The Baileys Women’s Prize for Fiction is my favourite literary prize because it’s the only one that recognises stories I can recognise myself in. It shouldn’t be this way, of course: other prizes are supposed to reward literary excellence in a pure, ungendered way. Except of course, they do not. Excellence is a quality that is for some reason so much easier to recognise in men. Not only are books by women much less likely to win prizes than books by men, but books about women are even more unlucky.

It shouldn’t be a surprise that Mantel’s two Bookers are for her eerily firm-fleshed evocations of Thomas Cromwell in Wolf Hall and Bring Up the Bodies rather than, say, the imperious but female-focused Beyond Black: it is poor form I suppose to be a woman and insist on writing, but at least Mantel eventually had the good grace to write about a properly important (ie male) subject.

And this class divide, where men are serious and women are silly, applies at every level of fiction, from the most solemnly literary to the most warmly commercial. As Marian Keyes told the Hay Festival last week, female authors who write about and for women are likely to be pegged with the dismissive “chick lit” tag: “This is very much a patriarchal society,” she said. “And I think one way of keeping women less well paid and having to do more work is to mock them and anything they love.”
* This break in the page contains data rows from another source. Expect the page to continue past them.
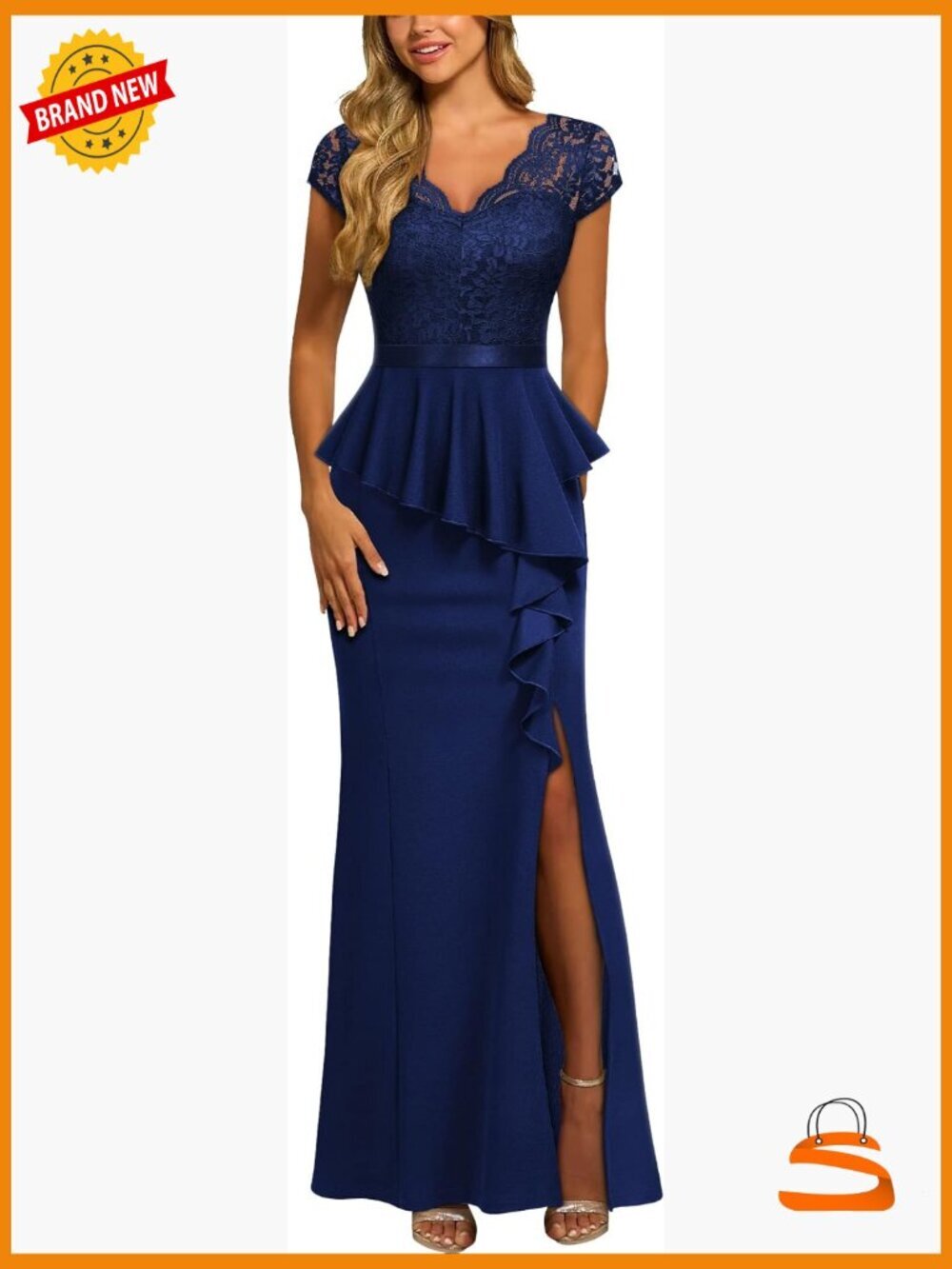 Elegant Floral Lace Ruffle Split Bodycon Formal Dress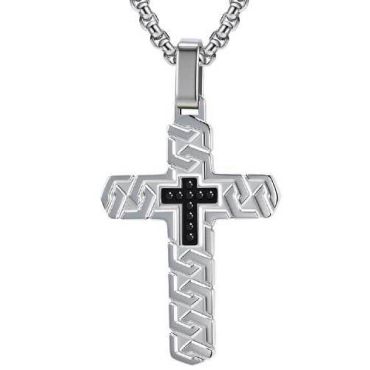 ***COI Titanium Black/Silver Black Cross Pendant-01988A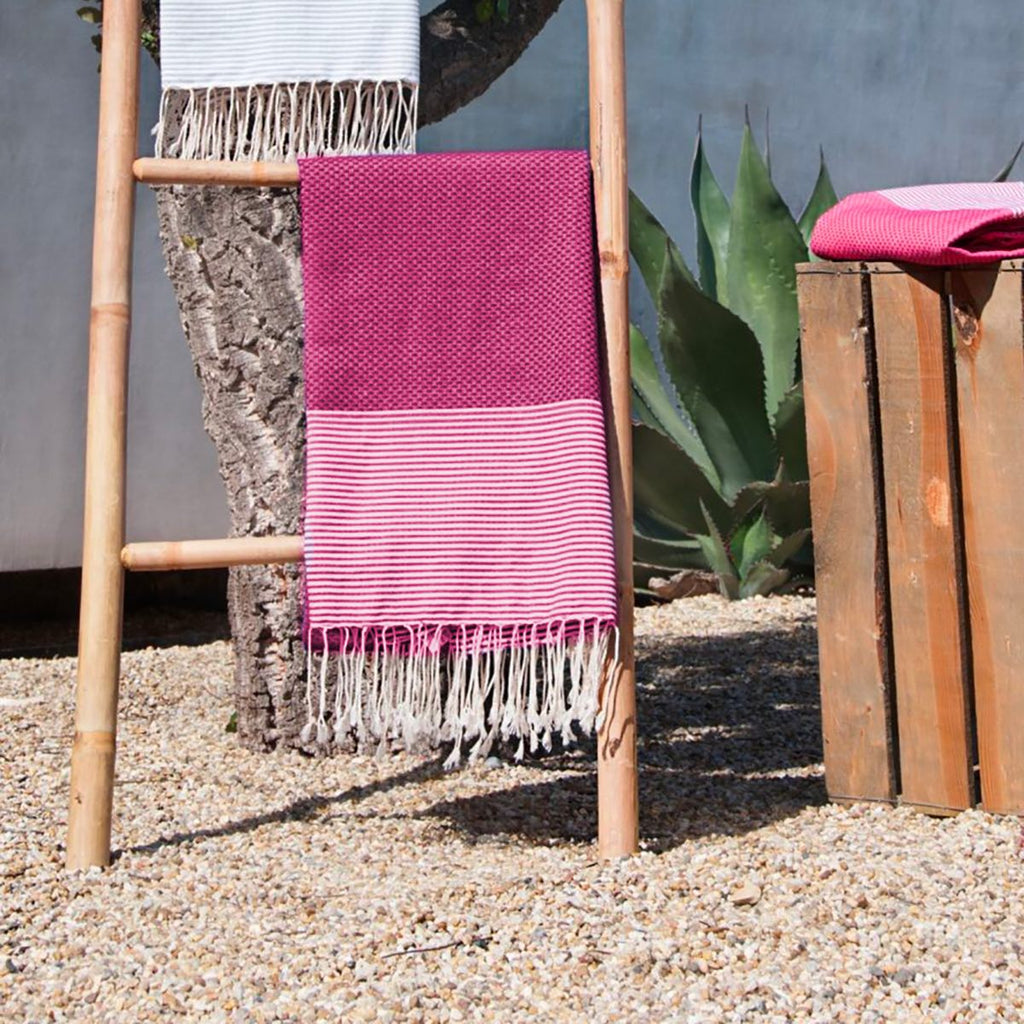 Lot de 2 foutas coton 100x200 ERICEIRA rose fuchsia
Prizes designed specifically to reward women are a riposte to that attitude, and this year’s Baileys winner is a spectacularly apt one. How to be both by Ali Smith is not only a very fine novel: it is a very fine novel about the ways in which women are bundled out of the culture we supposedly have half shares in, and the ways we find to speak anyway. Of course, it is about lots of other things besides – about love and loss and art and craft and the tender lines that let us find each other. Its double narrative makes a strange mirror between teenage George in contemporary Cambridge and fifteenth century Italian artist Francesco del Cossa, imagined by Smith as a woman cross-dressing to pass as someone whose talents can be recognised. (The novel is published in two versions: “Italy first” and “England first”, so neither of the two self-contained stories can take precedence.)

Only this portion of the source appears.